Then we stocked up on food again and headed up into the mountains and Lamington Park.  This is a rain forest which stretches through the mountains.  There’s a road that goes about a mile into the park to a lodge and a campground, but from there on it’s all footwork, hundreds of miles of trails.

For once, there’s plenty of wildlife to see.  Brush turkeys wander around the campsite looking for anything unattended.  In the forest, we were trying to get pictures of the tiny kangaroos that live there, but when we came out we found that they were all over the roads and lawns.  They’re called pademelons, and have all the same parts as a kangaroo, but they’re the size of a terrier. 

In the forest, it’s dark with towering fig trees and vines hanging all over, but amazingly noisy with all kinds of bird calls.  Apart from the bell bird, they also have our friend the splat bird, and a new one, the stepped-on-cat bird.  There’s a resort up at Binna Burra too, sort of modeled on the Yellowstone idea, a collection of cabins and a communal dining area, but they were fully booked for dinner so we had to cook our own.

Next morning, Wednesday, we were woken up by a graunching noise.  One of the brush turkeys was trying to turn our bucket over and get at the scraps of food in it.  Looking around the campground, it looked like he’d already had everyone else’s.  Thanks to the turkey, we made an early start and headed off down the Caves trail, looking out for wildlife. 
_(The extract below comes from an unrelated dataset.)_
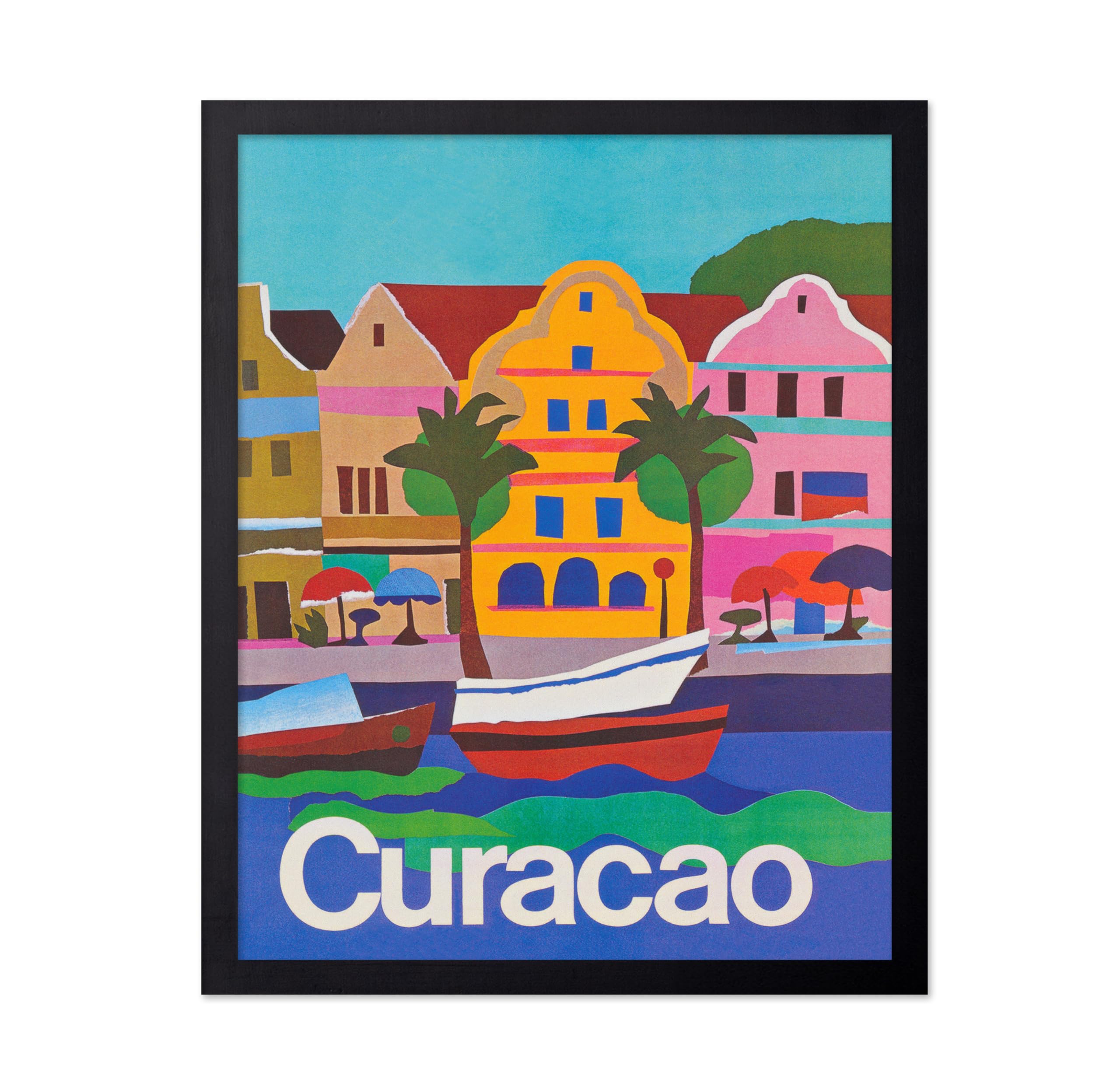 Poster Master Curacao Wall Art - Caribbean Island Airplane Vintage Travel Advertisement - Caribbean Travel - Great Wall Decor Gi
This was supposed to be the best trail for seeing koalas, but walking down a steep trail while looking up into the trees is hazardous to your health so we didn’t see any.  There were of course loads of new and weird plants and trees and insects to look at closer to the ground.  We could also hear lots of birds, but they’re tough to see when the trees are 150’ high.  The trail ended at a cliff top, with a view across the valley.  Nothing but trees and a few cliffs to see in all directions.  The whole world was green except for a few white cockatoos gliding above the tree tops screaming at each other.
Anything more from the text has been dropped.